(Short web captions)
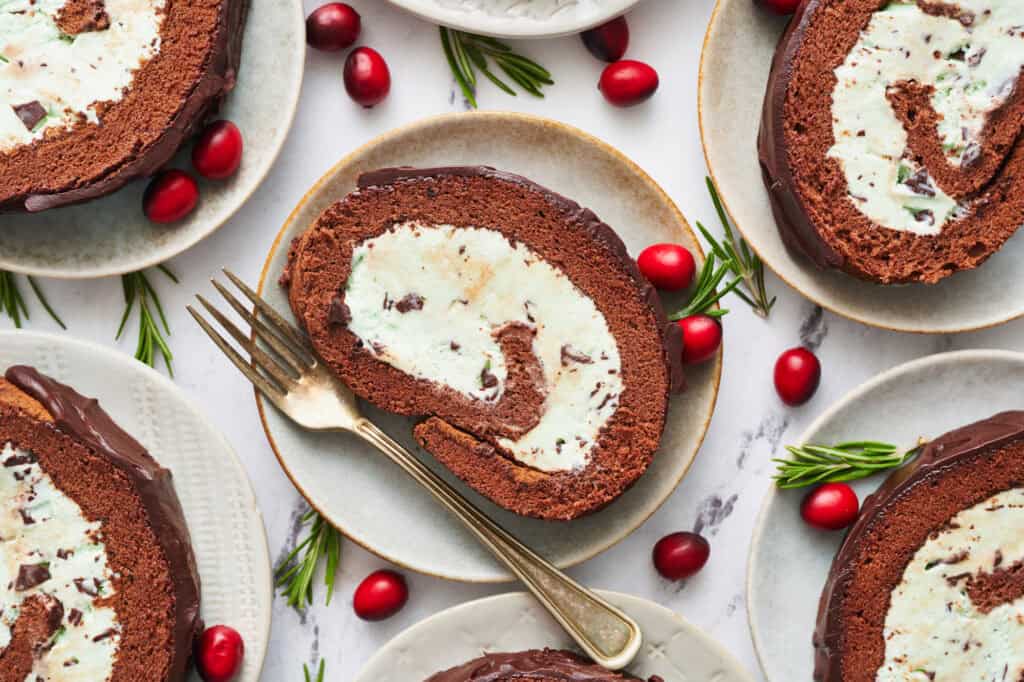 slices of ice cream yule log cake on dessert plates with a fork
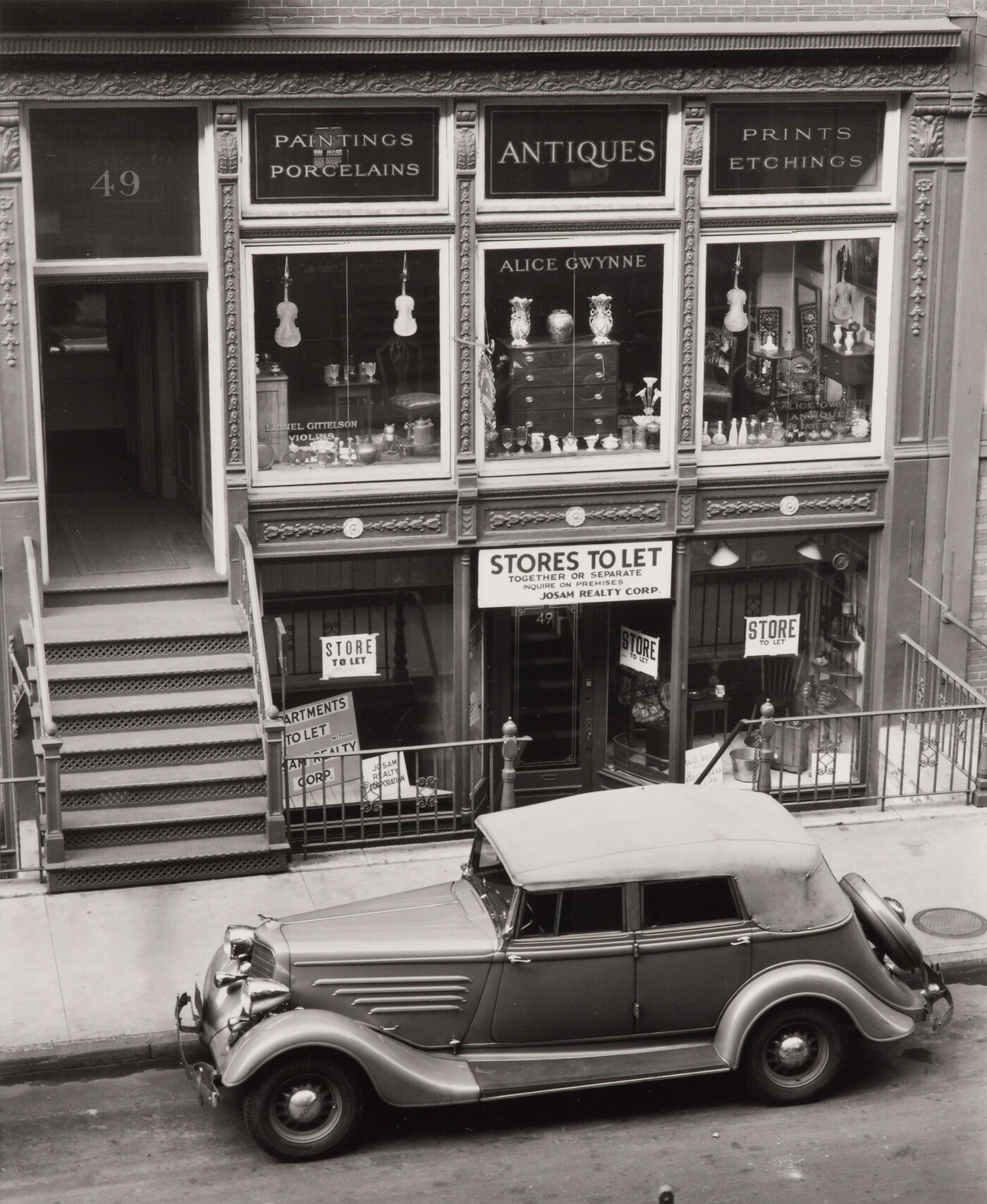 A black-and-white photograph of a vintage car parked on the street outside of a storefront advertising antiques.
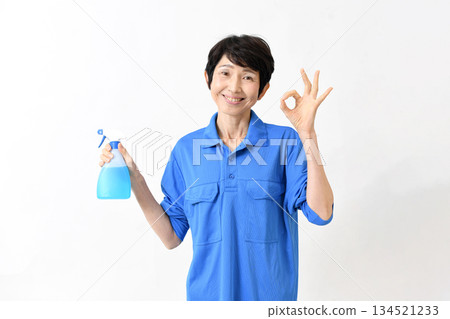 一位身穿工作服的中年亞裔女性,手持清潔噴霧,並比劃著「OK」手勢。 一位身穿工作服的中年亞裔女性,手持清潔噴霧,並比劃著「OK」手勢。 134521233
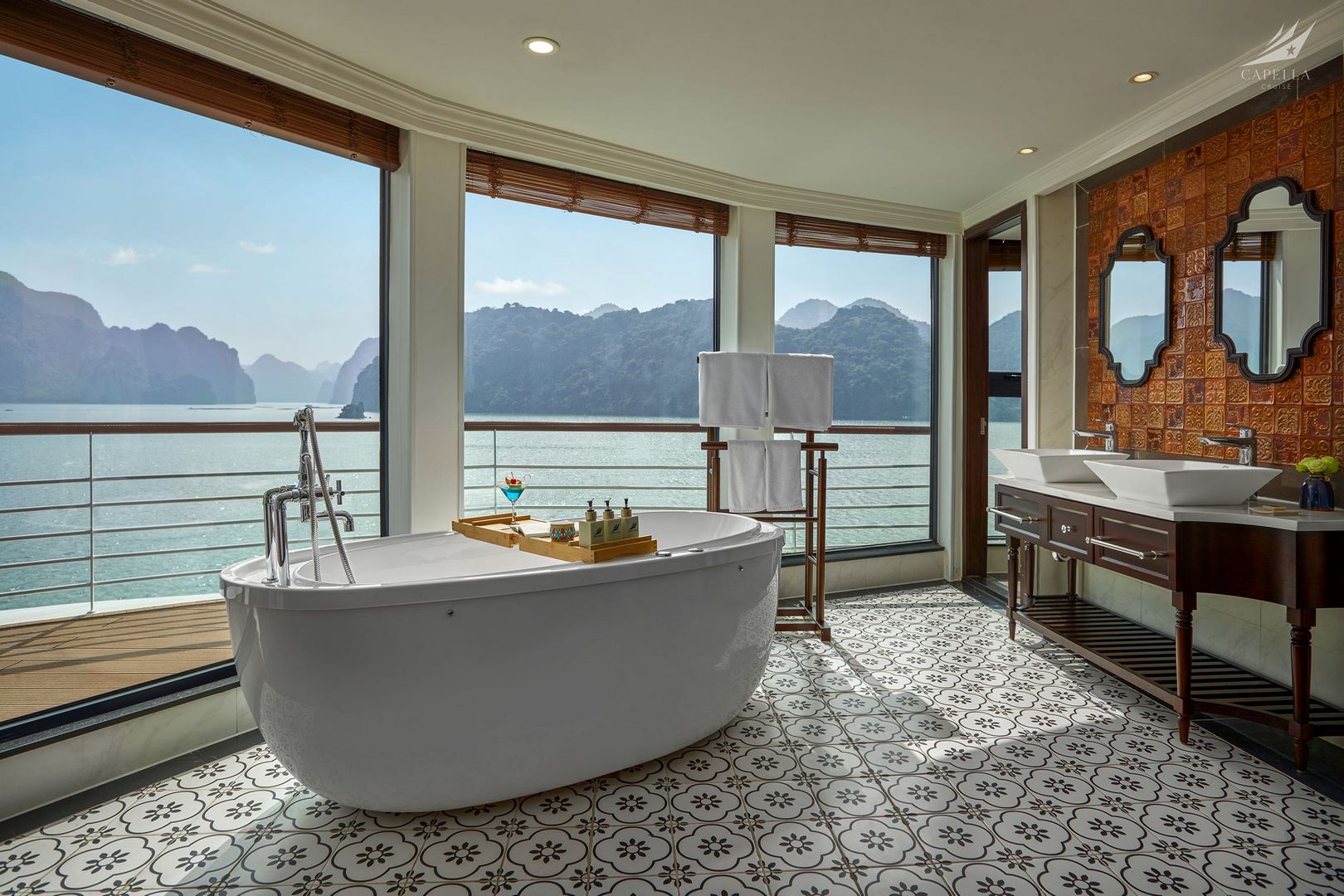Luxurious bathtub with scenic bay view in hillside resort room, perfect for relaxing vacations.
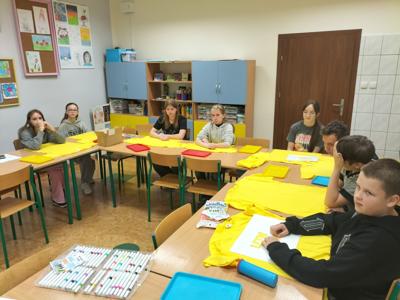 Nas zdjęciu młodzież siedzi przy stoliku i malują farbami żółte, projektowe koszulki.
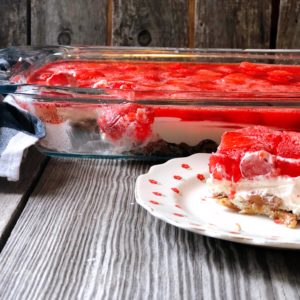 Strawberry Pretzel Salad from Farmwife Feeds, an easy 3 layer delicious dessert dish that hits the sweet, salty and fruit flavors. #strawberry #pretzel #salad #creamcheese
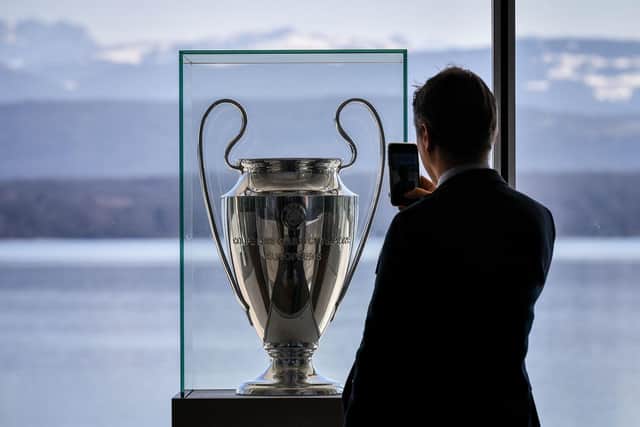 A man takes a picture of the UEFA Champions League trophy displayed at the UEFA headquarters: FABRICE COFFRINI/AFP via Getty Images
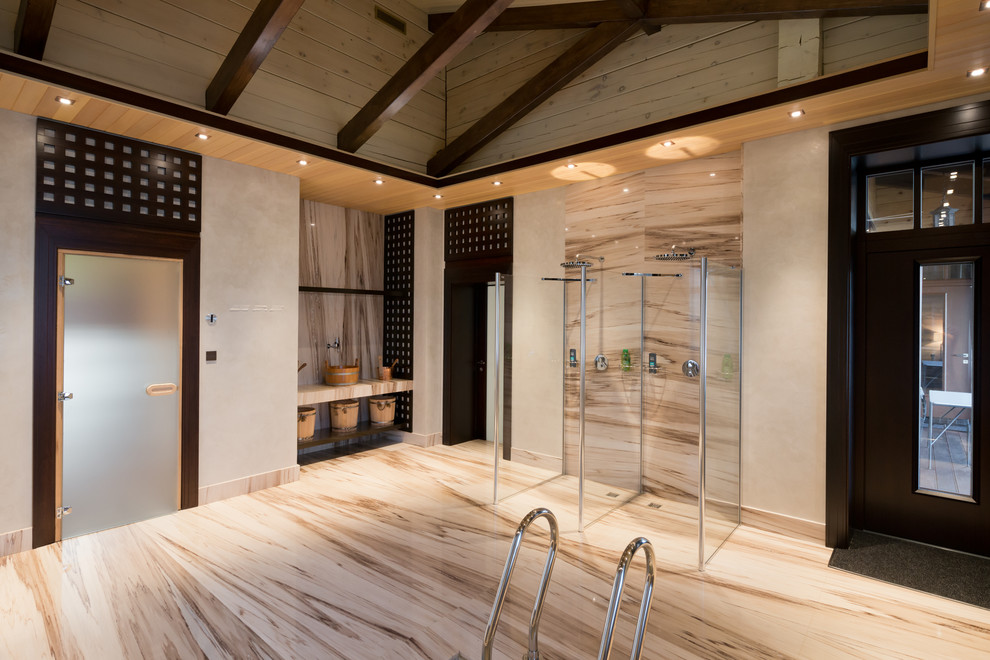 Идея дизайна: главная ванная комната в современном стиле с бежевыми фасадами, ванной в нише, двойным душем, унитазом-моноблоком, бежевой плиткой, керамогранитной плиткой, белыми стенами, мраморным полом, консольной раковиной и мраморной столешницей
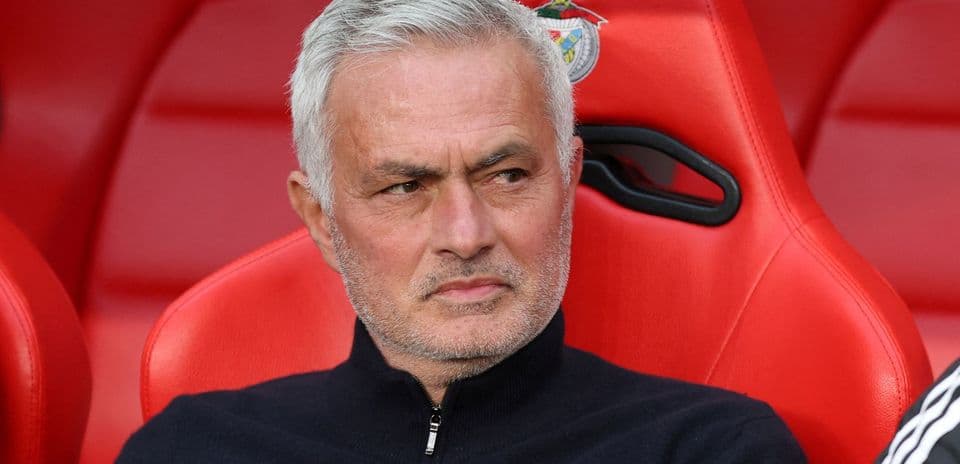 Manager sitting on bench during match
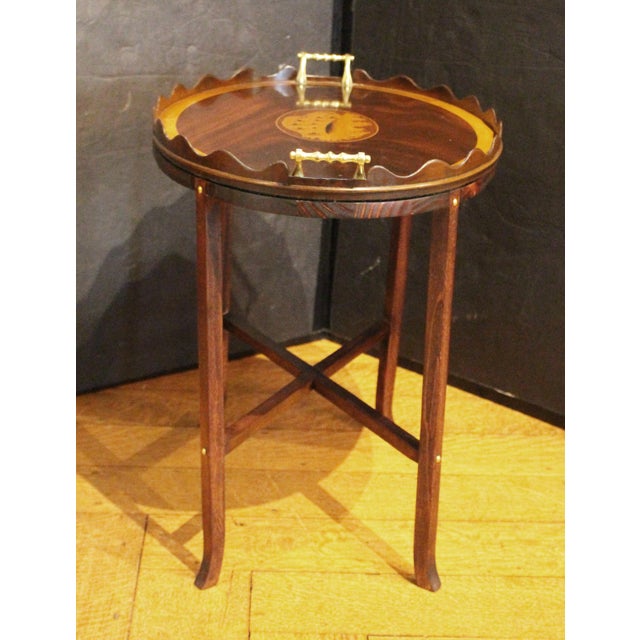 Circa 1880s English oval gallery tray on custom coffee table height stand. Scalloped gallery tray with large central conch...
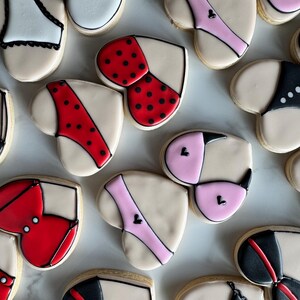 May include: Assortment of heart-shaped cookies decorated with various lingerie designs. The cookies are decorated with red, pink, black, and white icing. Some cookies have polka dots.
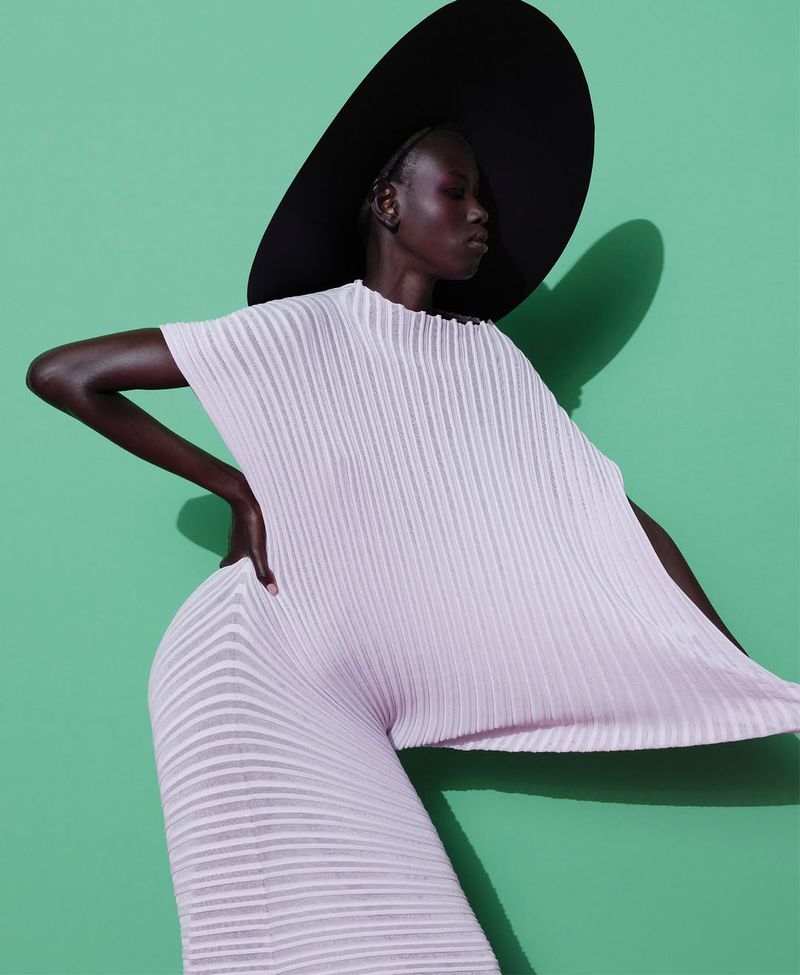 Dark-skinned woman poses in a light pink pleated outfit and large black hat against a green background in a fashion style photograph.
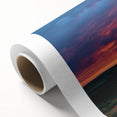 Stunning rolled canvas artwork depicting a dramatic cliff landscape under a vibrant sunset, showcasing rich colors and intricate details, perfect for home decor.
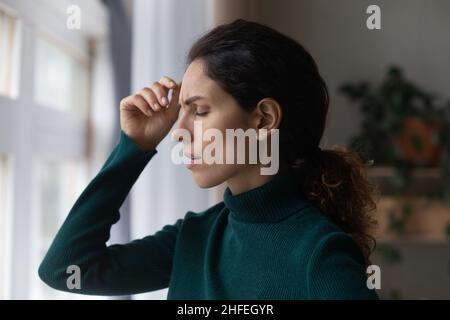 Stressed young hispanic woman suffering from depression. Stock Photo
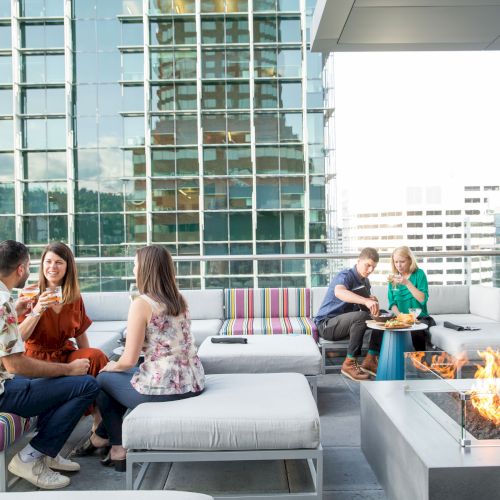 People are sitting on a rooftop patio with modern seating and a fire pit, surrounded by city skyscrapers.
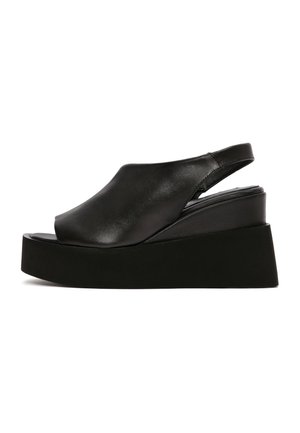 Sandalo zeppa in pelle nera con punta aperta, cinturino a slingback e suola piatta spessa.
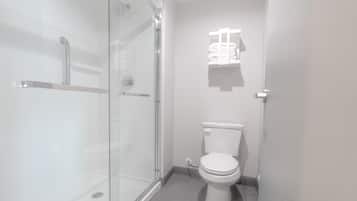 Un baño moderno con cabina de ducha de vidrio, inodoro y toallero.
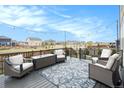 Cozy outdoor deck featuring stylish patio furniture and string lights, perfect for relaxing at 8395 E 132Nd Pl, Thornton, CO 80602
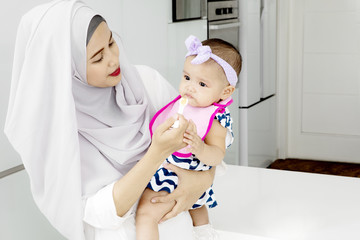 Muslim mother is feeding her cute baby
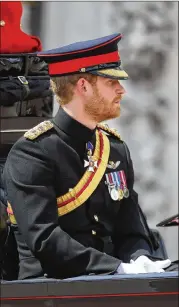  ?? CHRIS JACKSON / GETTY IMAGES ?? Prince Harry of the United Kingdom takes part last week in the annual Trooping the Colour parade in London. Harry spoke to Newsweek about his family’s quest to modernize the monarchy.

**Goal of the exercise:** In the data above, please extract the lines from the first one through the line with "Nas zdjęciu młodzież", exactly, and keep pictures out.

**Your solution:**
 slices of ice cream yule log cake on dessert plates with a fork
 A black-and-white photograph of a vintage car parked on the street outside of a storefront advertising antiques.
 一位身穿工作服的中年亞裔女性,手持清潔噴霧,並比劃著「OK」手勢。 一位身穿工作服的中年亞裔女性,手持清潔噴霧,並比劃著「OK」手勢。 134521233
Luxurious bathtub with scenic bay view in hillside resort room, perfect for relaxing vacations.
 Nas zdjęciu młodzież siedzi przy stoliku i malują farbami żółte, projektowe koszulki.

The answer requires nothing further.